This is not entirely true because verse 6 clearly says that those who do not do the TRUTH (James was not referring to WORKS) are walking in darkness (Psalm 119:105). It has nothing to do with doing good deeds. It is very similar to what Jesus said when was asked “What shall we do, that we might work the works of God?” and He answered, “This is the work of God, that ye believe on him whom he hath sent.” (John 6:28-29). It also perfectly harmonizes with Jesus’ statement in John 17,
And this is life eternal, that they might know thee the only true God, and Jesus Christ, whom thou hast sent. (John 17:3).

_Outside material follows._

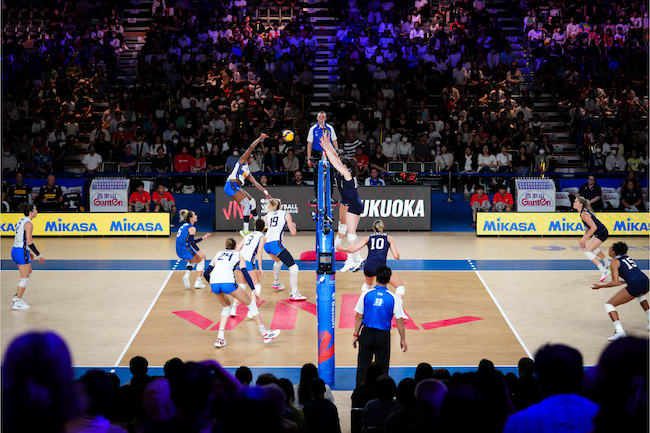 vnl finals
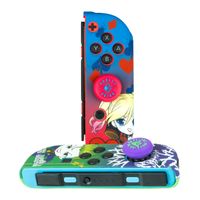 Miniatura 8 de CARCASA + GRIPS JOY-CON FR-TEC DC JOKER & HARLEY QUINN | NINTENDO SWITCH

That’s it! Nothing more, nothing less. To know the only true God and Him whom He has sent is to know his will, his doctrines, his dogmas, and his promises, and to believe them with all your heart. Faith, according to Hebrews 11:1, is the substance of things hoped for, the evidence of things not seen.”
Every single example, following this verse, of the faith of Noah, Abraham, Sara, and the multitude that sprung from Abraham and Sara as the stars of the sky, and the sands of the seas, Isaac, Jacob, Joseph, Moses, Joshua, Rahab, Gedeon, Barak, Samson, Jephthae, David, and the prophets, do not portray what they had done to prove that their faith was genuine, as Jan van der Watt would like to convince his viewers.

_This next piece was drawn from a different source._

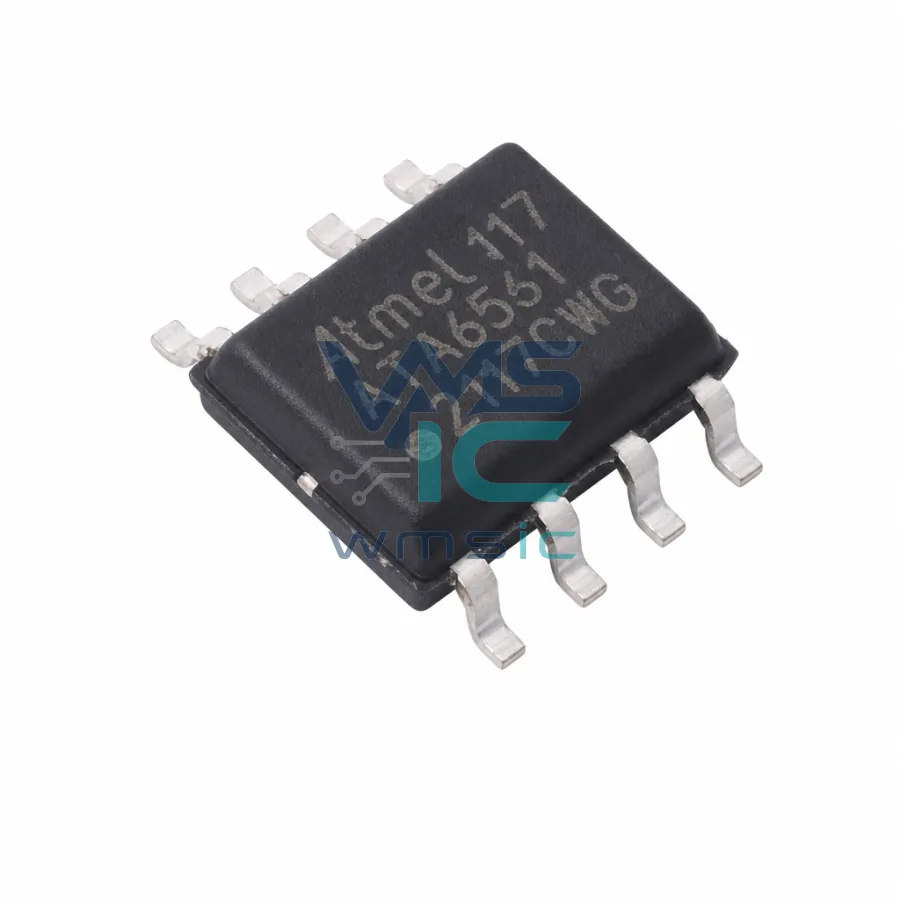 ATA6561-GAQW High-Speed CAN Transceiver with Standby Mode SOIC-8 ATA6561 SOIC-8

They had done these works BECAUSE their faith was genuine. It was a faith of which the substance (the evidence) was the things they could not and had not seen, whilst their only hope was the promises God had given them and of yet had not been realized. That and that alone (God’s promises) was what sustained them to keep them growing in their faith and to look ahead to God’s Kingdom despite the direst circumstances that had befallen them. This is doing the TRUTH.
Let us talk about some of the direst circumstances that had befallen some of them.
Women received their dead raised to life again: and others were tortured, not accepting deliverance; that they might obtain a better resurrection: And others had trial of cruel mockings and scourgings, yea, moreover of bonds and imprisonment: They were stoned, they have been sawn asunder, were tempted, were slain with the sword: they wandered about in sheepskins and goatskins; being destitute, afflicted, tormented; (Of whom the world was not worthy:) they wandered in deserts, and in mountains, and in dens and caves of the earth. And these all, having obtained a good report through faith, received not the promise: God having provided some better thing for us, that they without us should not be made perfect. (Hebrews 11:35-40).
How on earth can Jan van der Watt say that those who had done good works shall be allowed to walk through heaven’s gates to eternal life, and those whose works were not so good shall be cast into hell when none of the things that had befallen those described in verses 35 to 40 can be classified as works.
Since when are the things that were done to them — cruel mocking and scourging, imprisonment, stoning, being sawn asunder, temptations, slayings with the sword, lack of good apparel so that they had to wander in sheepskins and goatskins, and in destitute places like deserts, mountains, dens, and caves — GOOD WORKS?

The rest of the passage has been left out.